**EXCERPTED DATA**
===============
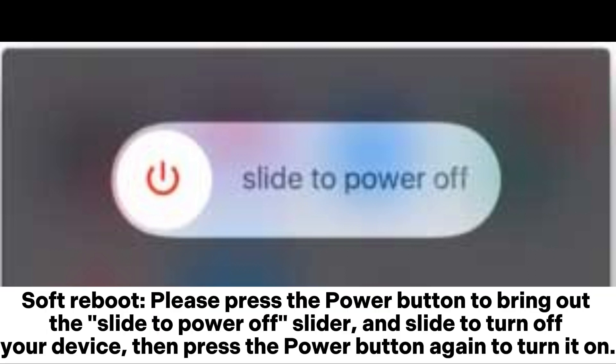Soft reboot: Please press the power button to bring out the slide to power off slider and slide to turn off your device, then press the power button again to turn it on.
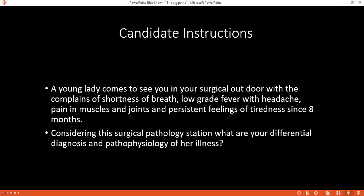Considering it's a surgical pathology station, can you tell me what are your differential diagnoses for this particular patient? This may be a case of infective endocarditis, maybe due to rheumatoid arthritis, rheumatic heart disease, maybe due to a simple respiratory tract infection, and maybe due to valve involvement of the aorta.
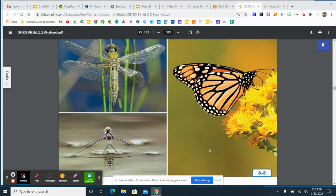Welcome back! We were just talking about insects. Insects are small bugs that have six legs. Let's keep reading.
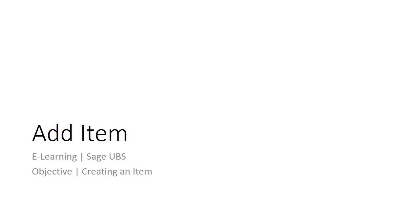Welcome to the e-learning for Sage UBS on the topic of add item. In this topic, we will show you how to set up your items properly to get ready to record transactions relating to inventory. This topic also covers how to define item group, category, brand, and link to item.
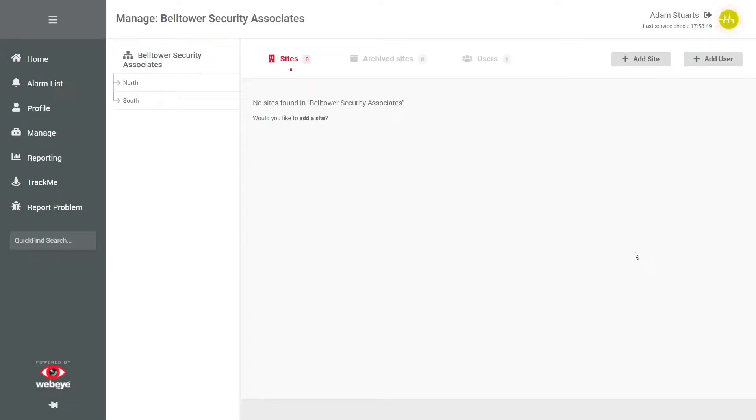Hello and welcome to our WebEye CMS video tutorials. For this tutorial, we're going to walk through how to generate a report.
===============
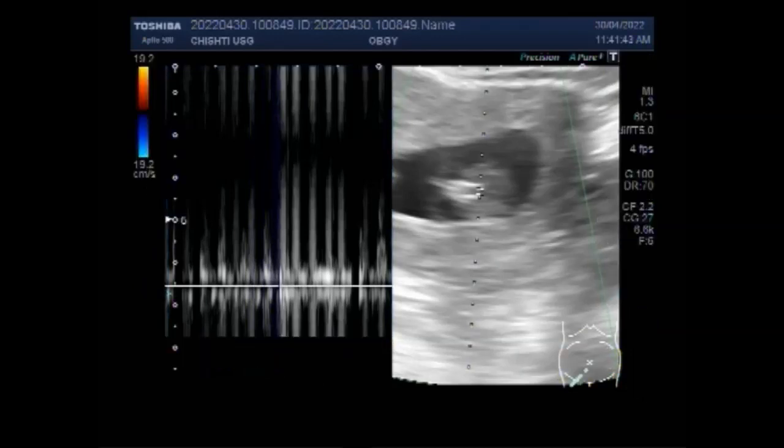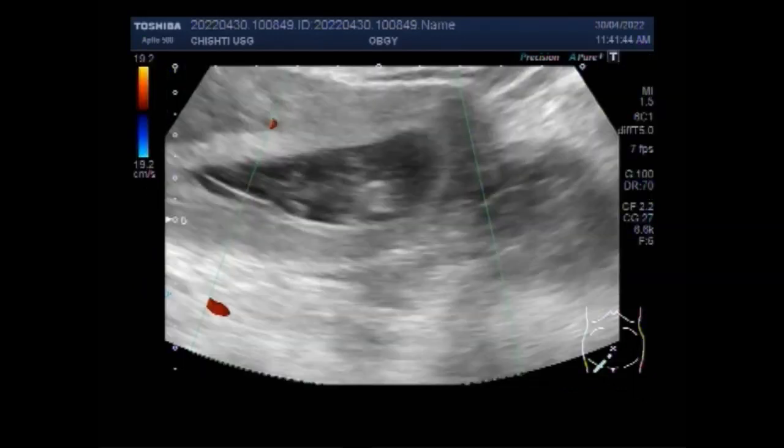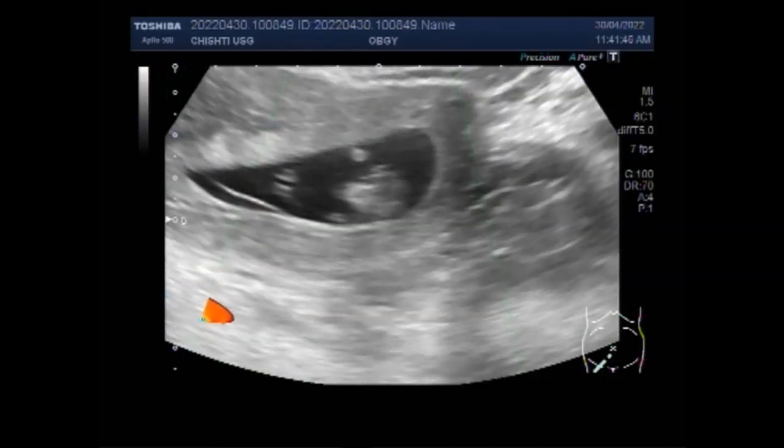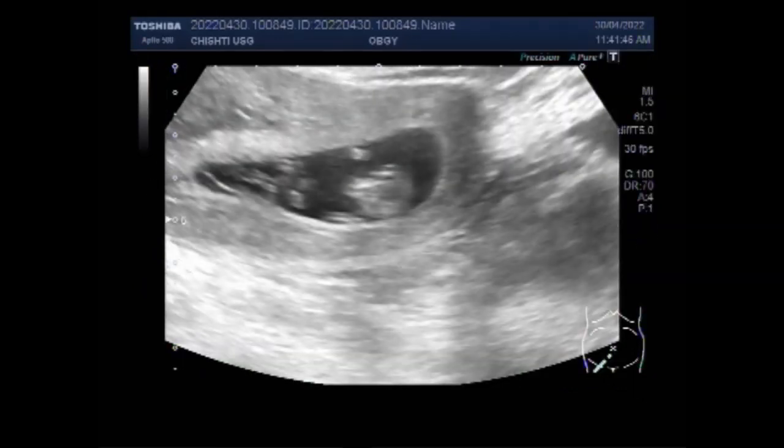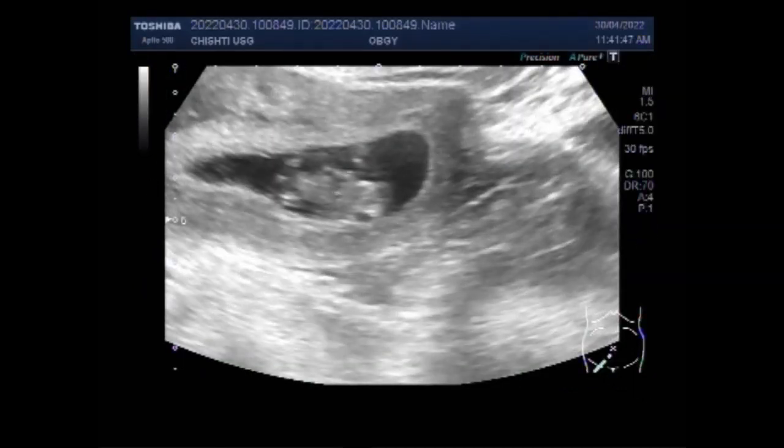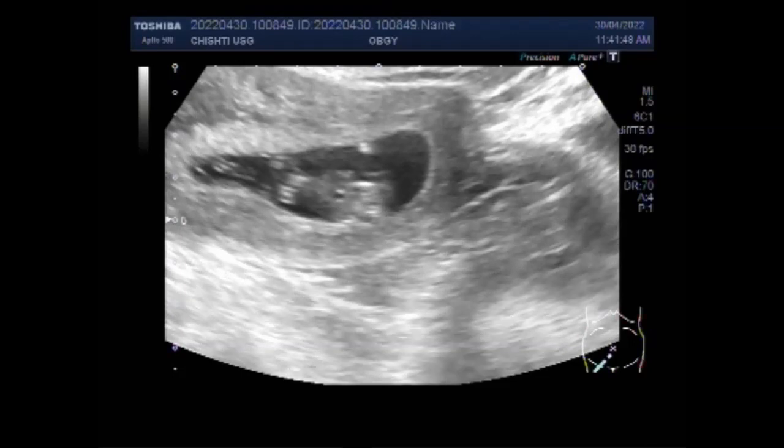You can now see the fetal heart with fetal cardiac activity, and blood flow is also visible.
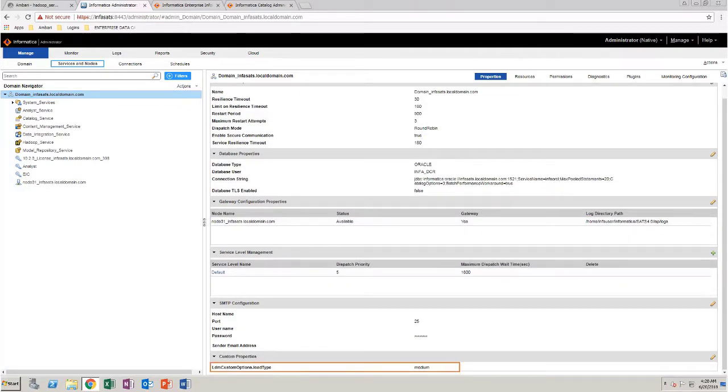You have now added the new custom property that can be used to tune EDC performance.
===============
**WORK TASK**
Give back, exactly and without pictures, the stretch of the records above from the line containing "Welcome back! We" through the line containing "Welcome to the", with both end lines included.

**FINISHED TASK**
Welcome back! We were just talking about insects. Insects are small bugs that have six legs. Let's keep reading.
Welcome to the e-learning for Sage UBS on the topic of add item. In this topic, we will show you how to set up your items properly to get ready to record transactions relating to inventory. This topic also covers how to define item group, category, brand, and link to item.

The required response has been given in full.